**Materials provided**
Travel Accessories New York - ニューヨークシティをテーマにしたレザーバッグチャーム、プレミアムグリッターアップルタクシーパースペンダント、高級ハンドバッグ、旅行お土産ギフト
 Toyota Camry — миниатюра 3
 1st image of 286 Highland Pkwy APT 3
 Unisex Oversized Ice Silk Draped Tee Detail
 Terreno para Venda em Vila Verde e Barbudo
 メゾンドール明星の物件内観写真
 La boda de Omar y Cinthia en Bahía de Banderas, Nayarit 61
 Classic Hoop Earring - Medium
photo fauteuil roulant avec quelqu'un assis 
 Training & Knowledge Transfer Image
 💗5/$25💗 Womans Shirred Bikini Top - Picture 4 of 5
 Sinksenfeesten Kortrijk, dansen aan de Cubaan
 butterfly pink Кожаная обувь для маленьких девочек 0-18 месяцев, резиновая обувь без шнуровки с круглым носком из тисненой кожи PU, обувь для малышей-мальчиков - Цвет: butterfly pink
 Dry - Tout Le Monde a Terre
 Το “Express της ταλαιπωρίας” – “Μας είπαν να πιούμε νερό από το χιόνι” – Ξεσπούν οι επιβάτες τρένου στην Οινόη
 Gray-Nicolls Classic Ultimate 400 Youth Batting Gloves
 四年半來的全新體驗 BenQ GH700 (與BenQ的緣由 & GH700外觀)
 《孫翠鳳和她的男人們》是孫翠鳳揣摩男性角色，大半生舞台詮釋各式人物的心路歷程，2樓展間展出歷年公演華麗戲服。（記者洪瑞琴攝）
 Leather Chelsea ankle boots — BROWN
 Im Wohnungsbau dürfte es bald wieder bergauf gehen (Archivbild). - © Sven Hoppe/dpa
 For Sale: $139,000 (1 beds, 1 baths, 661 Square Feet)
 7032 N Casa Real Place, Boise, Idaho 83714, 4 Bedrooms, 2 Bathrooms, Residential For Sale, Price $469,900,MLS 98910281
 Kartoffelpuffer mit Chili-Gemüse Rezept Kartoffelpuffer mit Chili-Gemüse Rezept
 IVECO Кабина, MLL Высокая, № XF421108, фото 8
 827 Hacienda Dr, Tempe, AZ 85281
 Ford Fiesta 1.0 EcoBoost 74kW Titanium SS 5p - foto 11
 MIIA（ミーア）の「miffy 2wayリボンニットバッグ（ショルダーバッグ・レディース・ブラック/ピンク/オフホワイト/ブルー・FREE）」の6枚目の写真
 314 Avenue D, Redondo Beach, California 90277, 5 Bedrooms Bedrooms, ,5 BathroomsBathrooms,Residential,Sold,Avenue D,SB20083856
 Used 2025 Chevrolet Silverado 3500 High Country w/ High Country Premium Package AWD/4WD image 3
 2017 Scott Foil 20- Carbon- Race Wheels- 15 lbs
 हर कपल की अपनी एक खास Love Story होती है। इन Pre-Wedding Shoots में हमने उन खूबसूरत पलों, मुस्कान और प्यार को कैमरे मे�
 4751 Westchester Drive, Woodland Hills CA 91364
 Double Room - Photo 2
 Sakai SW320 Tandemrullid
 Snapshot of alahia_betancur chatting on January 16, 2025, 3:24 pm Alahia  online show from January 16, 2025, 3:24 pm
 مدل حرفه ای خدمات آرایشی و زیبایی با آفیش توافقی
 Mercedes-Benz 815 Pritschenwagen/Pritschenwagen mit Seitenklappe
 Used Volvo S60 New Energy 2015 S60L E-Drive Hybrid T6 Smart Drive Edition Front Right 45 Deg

**Task requirements**
Beginning with the first line of the records above, reproduce each line exactly, ending at the line that contains "メゾンドール明星の物件内観写真", and leave out everything else.

**Reply**
Travel Accessories New York - ニューヨークシティをテーマにしたレザーバッグチャーム、プレミアムグリッターアップルタクシーパースペンダント、高級ハンドバッグ、旅行お土産ギフト
 Toyota Camry — миниатюра 3
 1st image of 286 Highland Pkwy APT 3
 Unisex Oversized Ice Silk Draped Tee Detail
 Terreno para Venda em Vila Verde e Barbudo
 メゾンドール明星の物件内観写真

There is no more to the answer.